El cielo está despejado, y a través de las arcadas se divisan escarpaduras verdes, ruinas matizadas de matas, cuerpos de columnas, árboles, montones de escombros. Es lo que se encuentra por todas partes al cruzar Roma: restos de monumentos y trozos de jardines, patatas fritas bajo las columnas antiguas, cerca del puente de Horacio Cocles el olor a bacalao viejo, y sobre los flancos de un palacio tres zapateros remendones, o bien un plantío de alcauciles.
Se deja uno llevar y se callejea. Nada de cicerones, son el mejor medio para no ver nada. Pregunto mi camino a un semiseñor, muy complaciente, que entabla conversación conmigo. Fue a París, siente gran admiración por la plaza de la Concordia y por el Arco de la Estrella. Visitó Mabille y guardó un profundo recuerdo. Las fotografías de las bailarinas y damas galantes están aquí en los escaparates. Vi en todas partes en el extranjero que esas señoras forman nuestra principal reputación.
El aire es tibio, el empedrado seco. Desde el café donde almorcé veía unos cuarenta chuscos sentados sobre la vereda o apoyados en los ángulos de las casas, ocupados en no hacer nada. Tres o cuatro, en harapos, dormían contra la pared. Otros jugaban a la “morra”, gritando el número de dedos. El mayor número no decía nada. Sentados en fila, la barbilla apoyada en la mano, contentos de tener calor, y no demasiado calor; eso les bastaba. Algunos masticaban altramuces. No se movieron durante una hora larga.

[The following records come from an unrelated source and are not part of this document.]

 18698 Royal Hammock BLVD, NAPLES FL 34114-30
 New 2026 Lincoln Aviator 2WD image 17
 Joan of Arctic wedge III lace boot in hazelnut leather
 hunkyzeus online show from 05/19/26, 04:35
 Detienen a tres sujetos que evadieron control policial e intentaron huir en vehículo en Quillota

A lo largo de la calle se abren las ventanas; mujeres y jóvenes aparecen en los balcones. Bellas en su mayoría, de cabellos negros y ojos brillantes, bien vestidas, joyas, todo ello encuadrado por el muro de una pocilga. El barro viejo salpica los frentes. Una escalera da vueltas como una tripa, y en el interior: ropa en montón, cacerola en el suelo, niños en camisa. No son mujeres deshonestas; su felicidad consiste en vestir bien y pasar la tarde en el balcón como un pavo real en su percha.